I find myself really enjoying jQuery these days because it provides an easy cross-platform shorthand for things that I like to do to make the user experience better.
Our form to answer reference questions is a regular Drupal node form, but I want to change the 'Submit' button to be more descriptive, depending if the librarian is answering a question, requesting clarification, saving a draft, or whatever.
Our form looks something like this, just imagine a submit button at the bottom labeled 'Send answer'.
I ran into a problem with setting the button value because Drupal dynamically assigns ids to DOM elements, including for forms. For example, Drupal renders a regular submit button as:
<input type="submit" name="op" id="edit-submit" value="Save" class="form-submit" />jQuery can handle setting the button value easily:
$(document).ready(function(){
$("input[name='field_message_type[value]']").click(function(){
switch ($(this).val()) {
case 'Draft':
$('#edit-submit').val('Save draft');
break;
};
});
});I cut this short for brevity's sake, if this were a real function, I'd provide a case for each selection.
Now, if there is more than one form on the page, Drupal will give each form a slightly different id, such as:
<input type="submit" name="op" id="edit-submit-1" value="Search" class="form-submit" />This wouldn't be a problem if the page rendered consistently for all users, but as it happens, we display different blocks for different users, some with forms in them, such as the 'search' block.
So it is a problem! We can't depend on Drupal always assigning the same id to a form element.
Besides, if anyone else wants to use this module, there is no way we can guarantee Drupal will provide a consistent id to our elements on their sites. No way that I could find, at least, so there has to be another way.
I tried changing the id element through Drupal's hook_form_alter() function, but that added an extra id element instead of changing it.

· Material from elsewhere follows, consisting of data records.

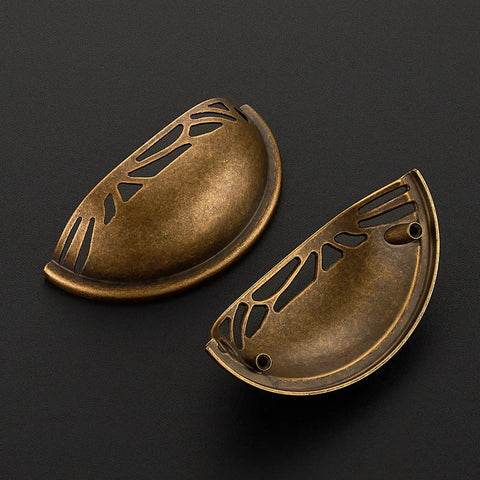 Two Three Pack Antique Brass Half Moon Cup Pulls For Kitchen Cabinets And Drawers Featuring Hella Smooth Finishes and detailed cuts.
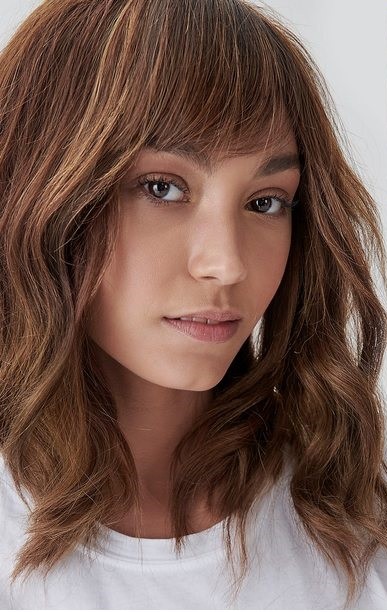 Clip In Fringe Bangs Hair Extension STYLD Ken Paves Brown Mocha New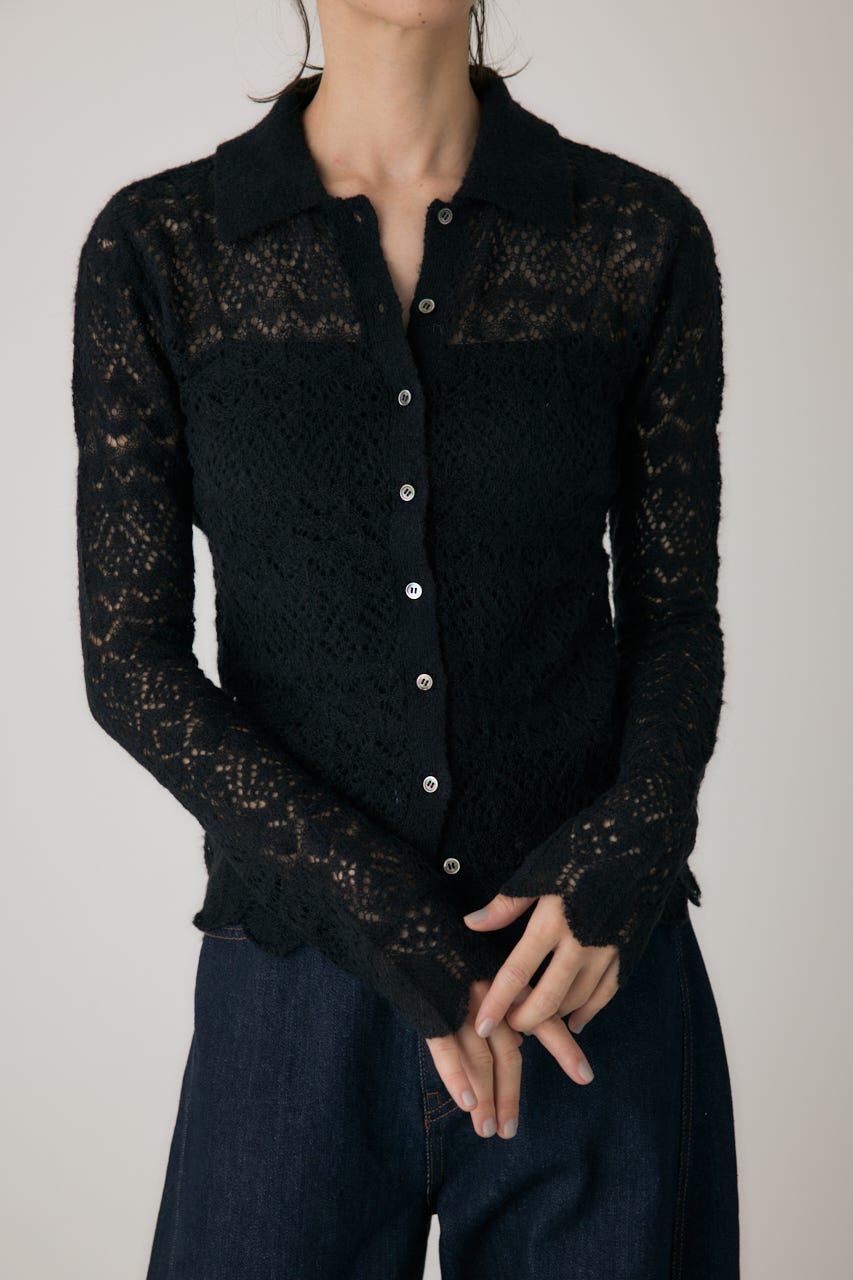 スカシアミニットポロカーディガン BLK FREE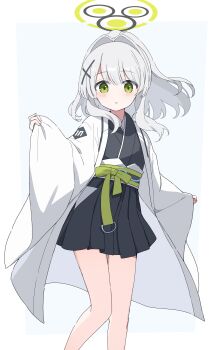 1girl absurdres alternate_costume black_halo black_kimono blue_archive blue_background blush border coat commentary_request cross_hair_ornament feet_out_of_frame green_eyes green_halo grey_hair hair_between_eyes hair_intakes hair_ornament halo hare_(blue_archive) highres japanese_clothes kimono kimono_skirt looking_at_viewer mochigome_(ununquadium) obi open_clothes open_coat outside_border parted_lips ponytail sash sidelocks simple_background solo standing white_border white_coat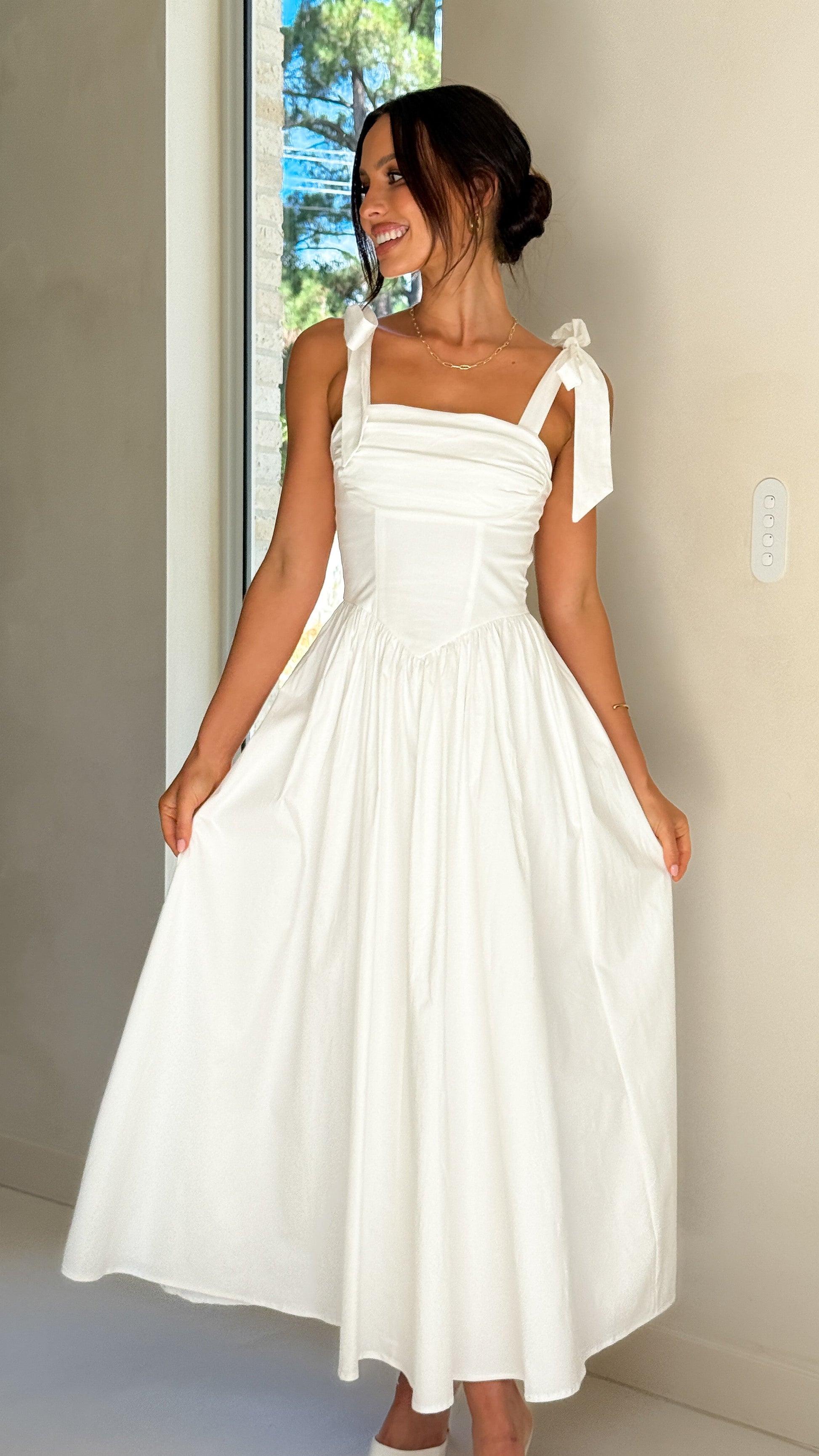 Haisley Pink Maxi Dress White 4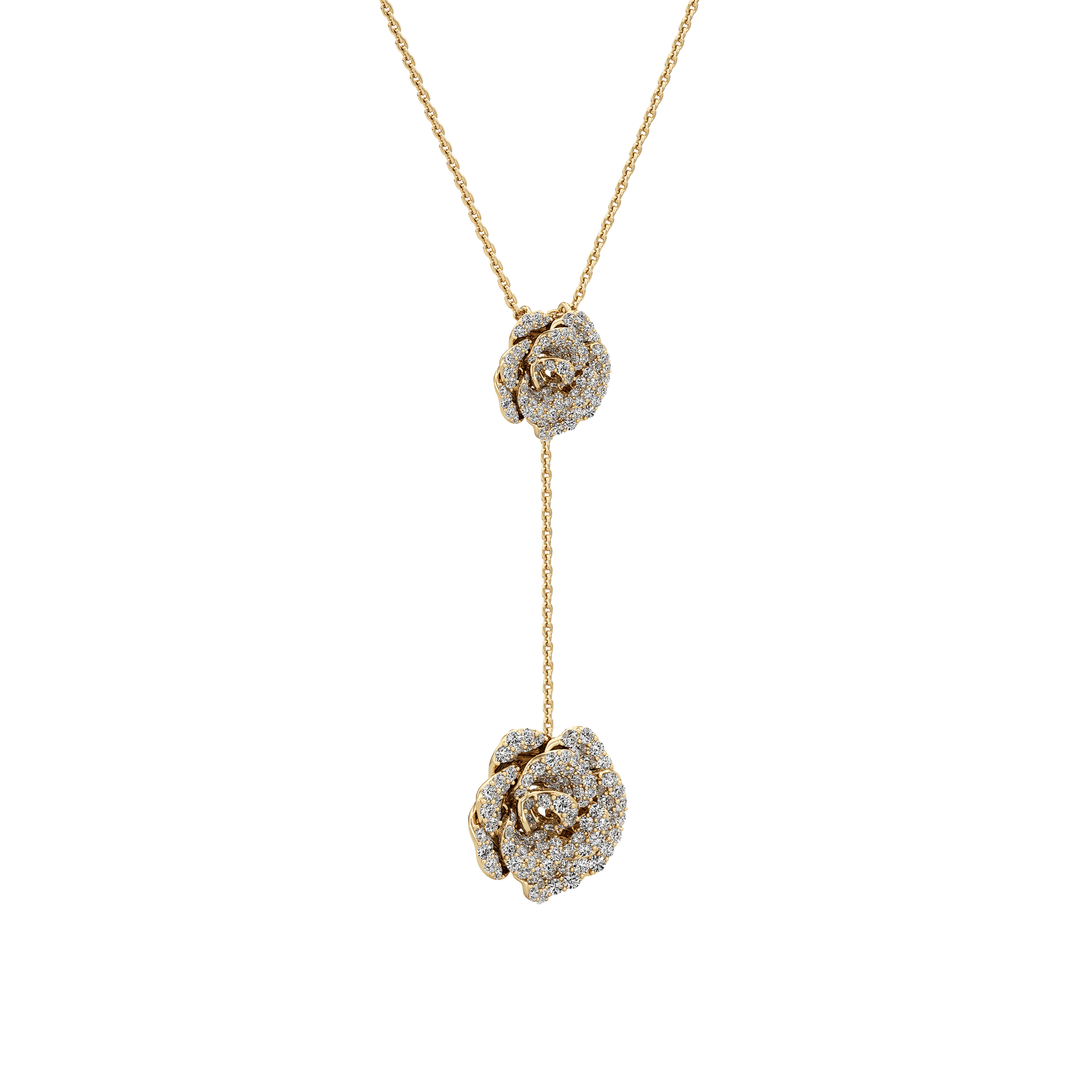 Gold necklace with rose-shaped pendants on a white background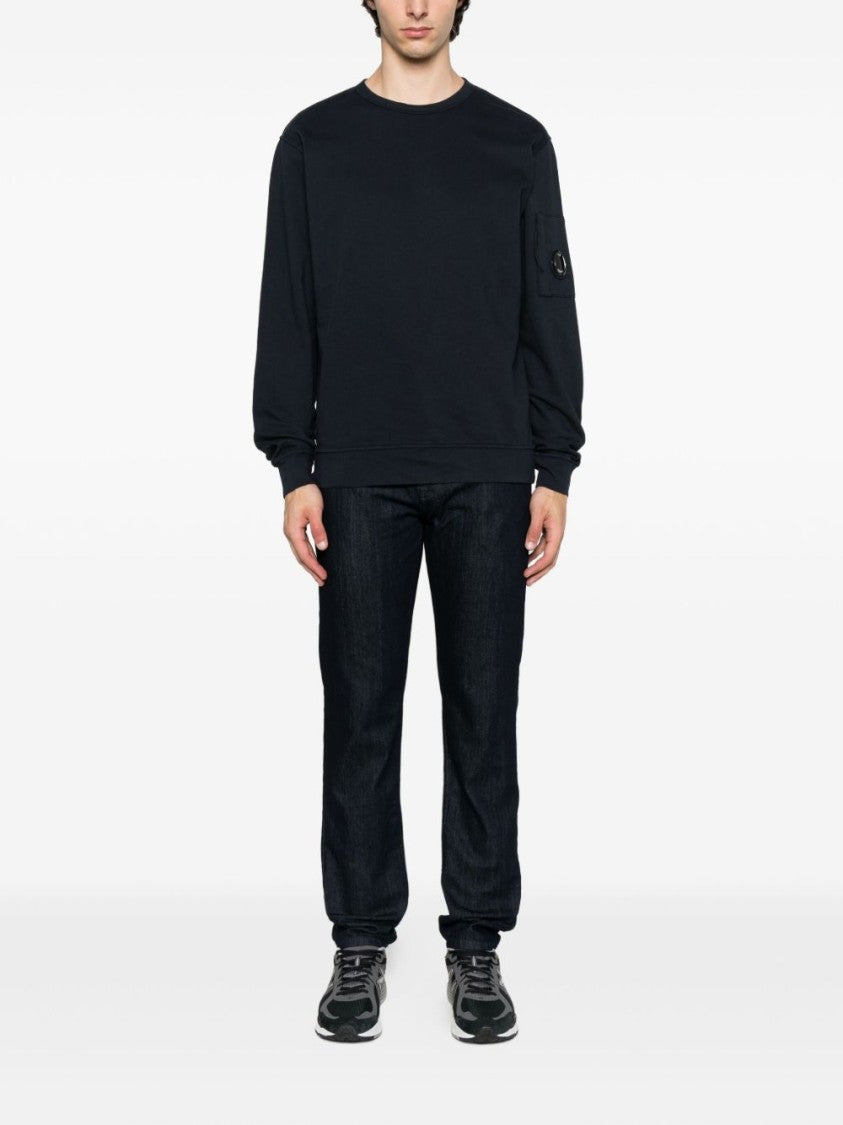 C.P. Company Dark Blue Cotton Sweatshirt With Signature Sleeve Logo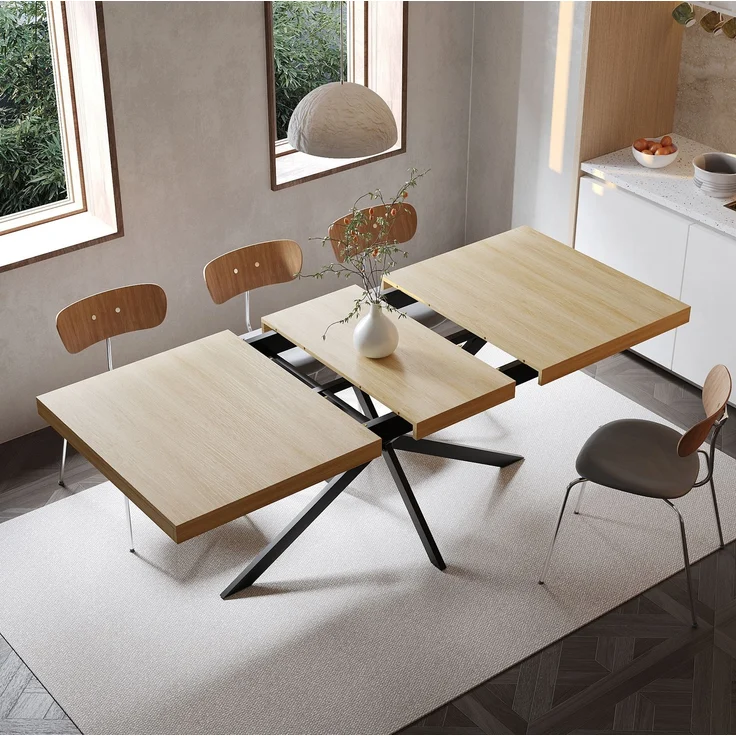 Esstisch 140-180x80x76 cm aus MDF und Metall mit Hidden Storage und Ausziehfunktion – Bild 2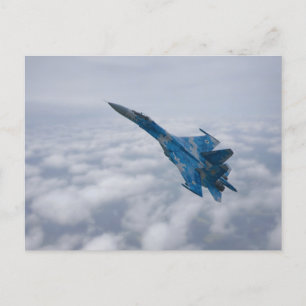 Carte Postale Flanker SU-27 Au-Dessus Des Nuages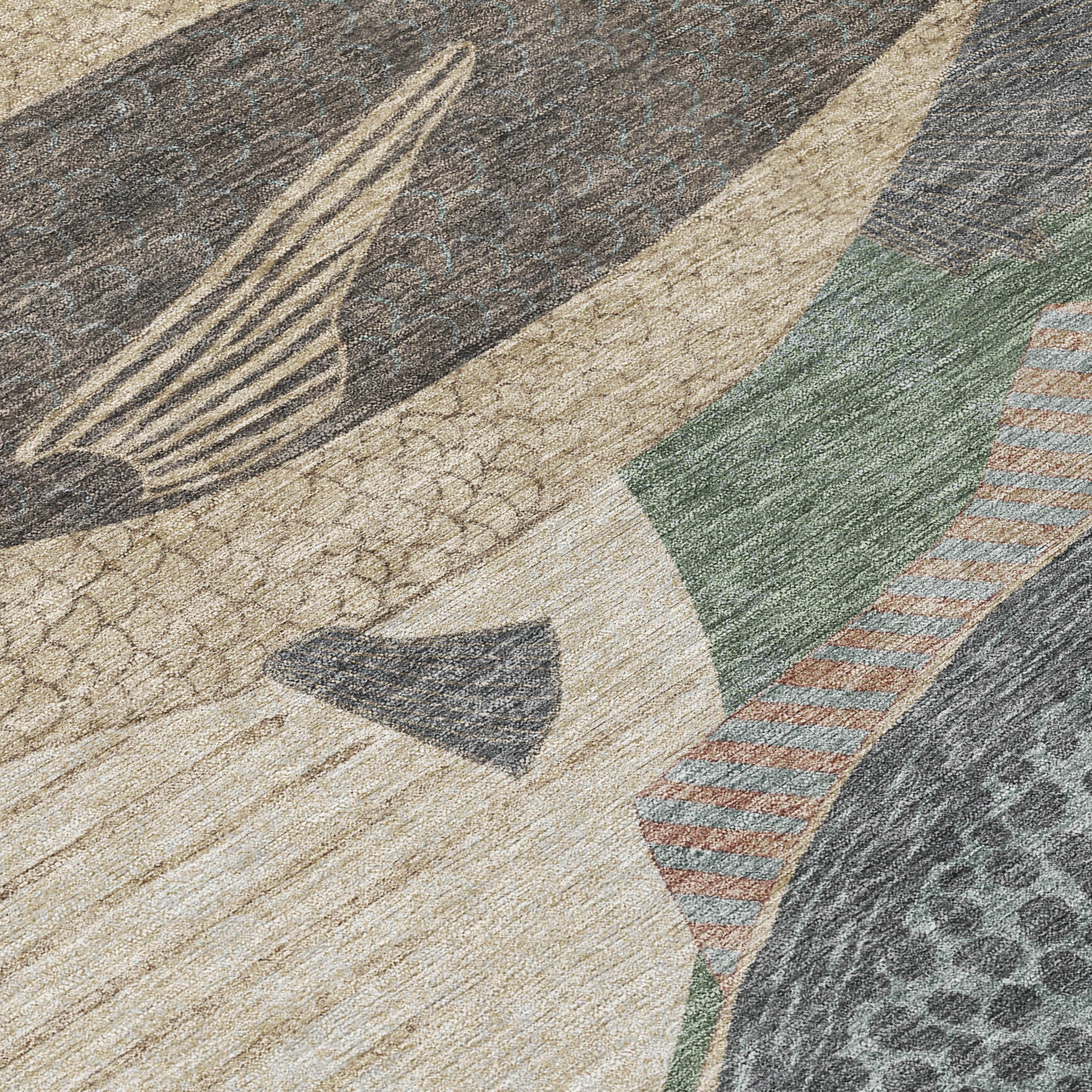 10' X 14' Green And Beige Tropical Fish Washable Indoor Outdoor Area Rug - Sports & Outdoor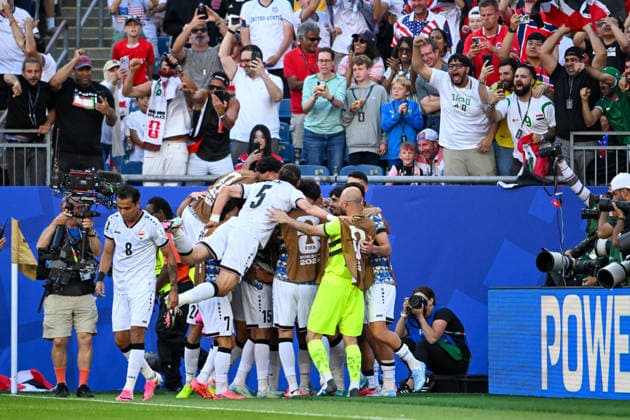 June 16, 2026, Boston, Ma, USA: Iraq celebrates a goal in the 1st half during FIFA World Cup, WM, Weltmeisterschaft, Fussball match between Iraq and Norway at Boston Stadium Boston USA - ZUMAc268 20260616_zsp_c268_008 Copyright: xJamesxPatrickxCooperx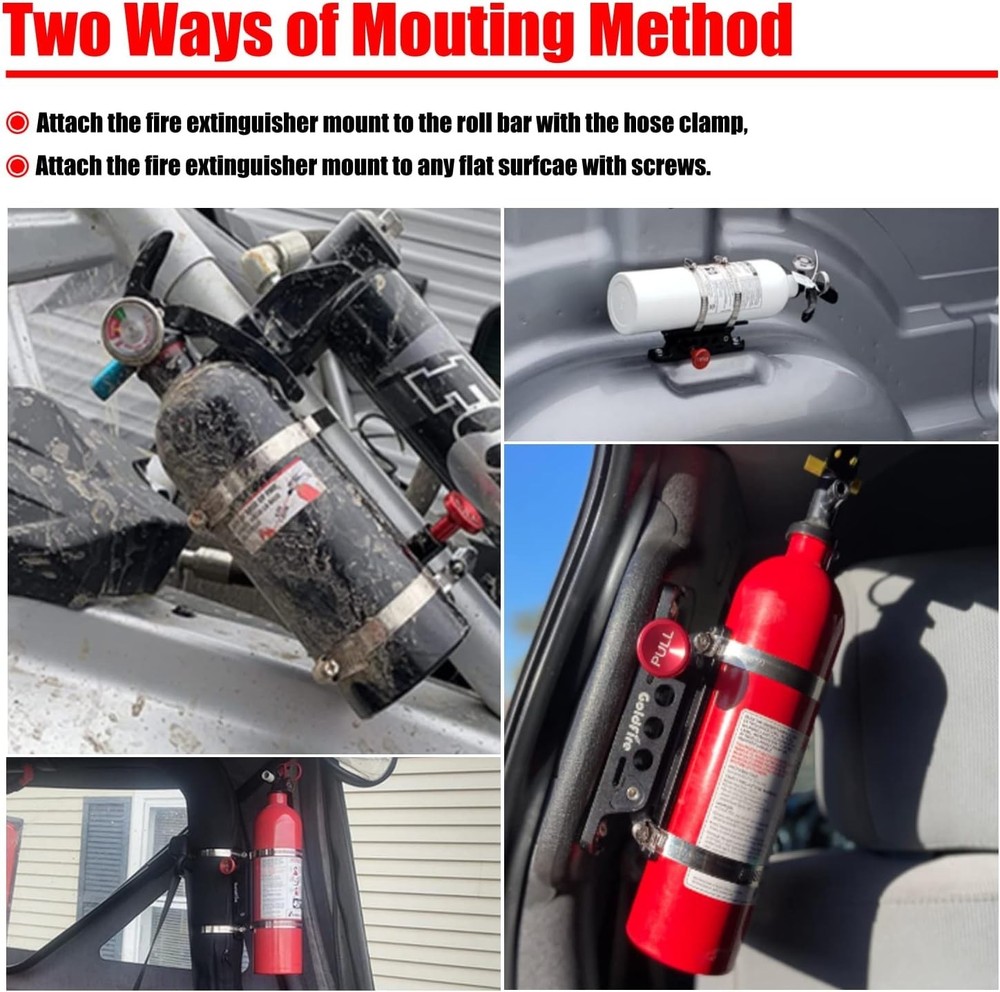 Universal Vehicle Adjustable Quick Release Roll Bar Fire Extinguisher Mount H...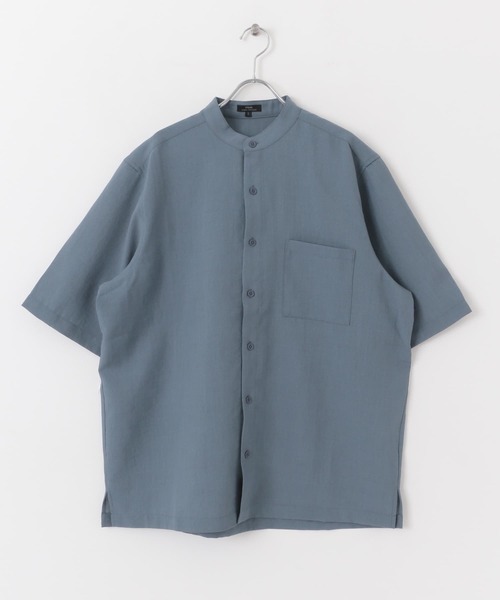 ITEMS URBANRESEARCH（アイテムズ アーバンリサーチ）の「『UR TECH DRYLUXE』リネンタッチバンドカラー半袖シャツ（シャツ/ブラウス・メンズ・ブラック/グレー系その他/ブルー・LARGE/MEDIUM）」の6枚目の写真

I considered changing the module weight of my module to allow my module to execute last, but my guess is that the problem here is that the default dynamic element IDs are being assigned by Drupal's core form-rendering functions.
So with a hat tip to Wim Leers, I ended up using hook_form_alter to add a class element to the button, thereby being able to call and set the button value from jQuery for anyone using the module.
Here is what I did in hook_form_alter:
<?php
function question_answer_form_alter (&$form, $form_state, $form_id) {
if ($form_id == 'question_answer_message_node_form') {
drupal_add_js(drupal_get_path('module', 'question_answer')
. '/question_answer.js');
$form['buttons']['submit']['#attributes']['class']
.= 'question-answer-submit';
}
}
?>There is a whole lot more to that function in the module, but again for brevity I am just displaying the relevant parts.
Here is the jQuery:
$(document).ready(function(){
$("input[name='field_message_type[value]']").click(function(){
switch ($(this).val()) {
case 'Draft':
$('#edit-field-referral-email-0-email-wrapper').fadeOut(1000);
$('.question-answer-submit').val('Save draft');
break;
};
});
});And zoom, we have a less confusing button to press.